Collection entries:
□ □ □ □ □

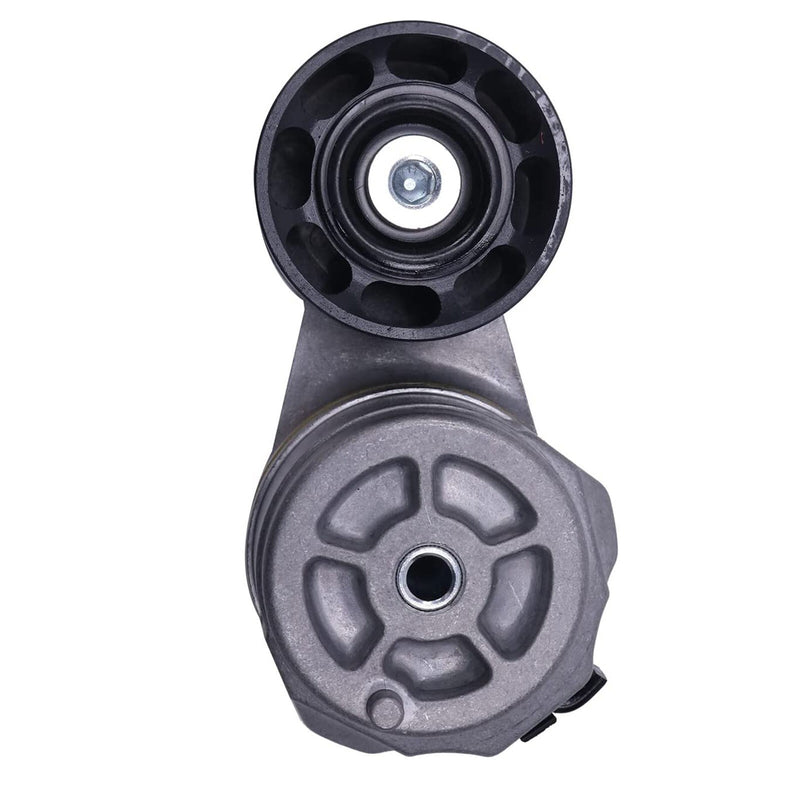 DURAFORCE Caterpillar Belt Tensioner 138-2514 190-0642 for C7 C12 C13 C15 C18 Engines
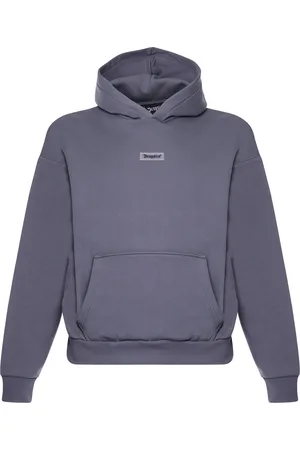 Dropsize Collegepaita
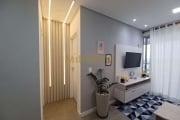 [2423] Apartamento - Jardim São Paulo - Guarulhos, SP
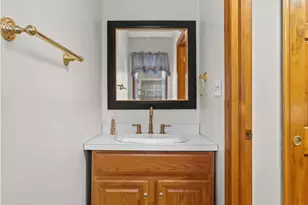 4950 Harvey Rd, Bethlehem Township, PA 18020 - Photo 17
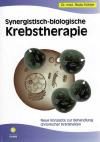 Köhler, Synergistische-biologische Krebstherapie.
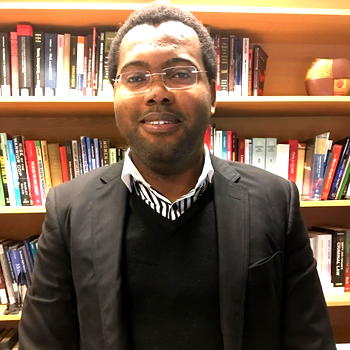 Prof Oriola, Capt Aliyu set for Avalon Daily roundtable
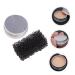 Beavorty Professional Scar Wax Moulding Tool Set | Stage Makeup & Halloween Supplies - Buy Online on SooperMarket.com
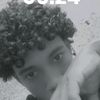 oliber65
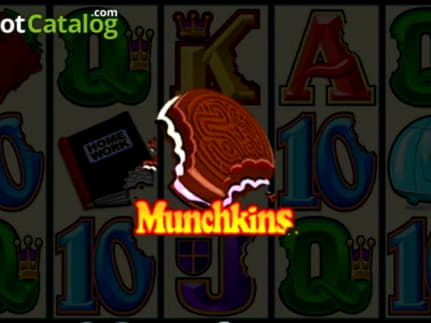 €455 Daily freeroll slot tournament at Platinum Play Casino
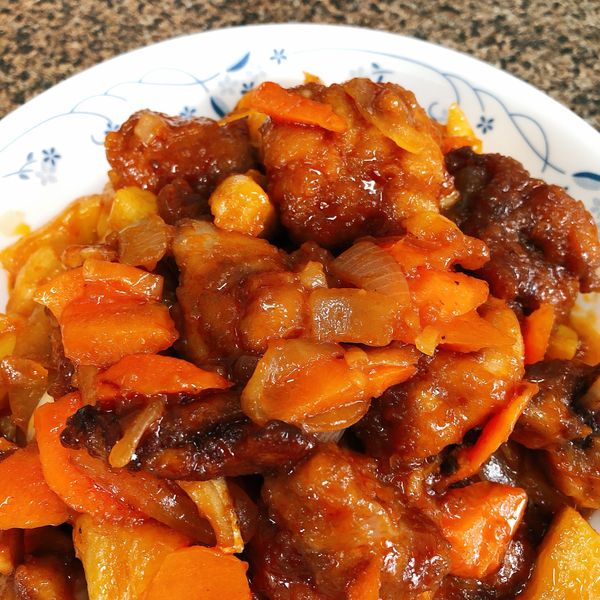 undefined：peipeimei 一起做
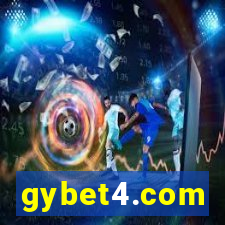gybet4.com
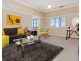 34 Creswick Street, Clayfield QLD 4011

□ □ □ □ □

■ Action item ■
Quote the data above exactly from the line with "[2423] Apartamento - Jardim" to the line with "Prof Oriola, Capt", both ends counted, and nothing else. Pictures don't go in.

■ Response area ■
 [2423] Apartamento - Jardim São Paulo - Guarulhos, SP
 4950 Harvey Rd, Bethlehem Township, PA 18020 - Photo 17
 Köhler, Synergistische-biologische Krebstherapie.
 Prof Oriola, Capt Aliyu set for Avalon Daily roundtable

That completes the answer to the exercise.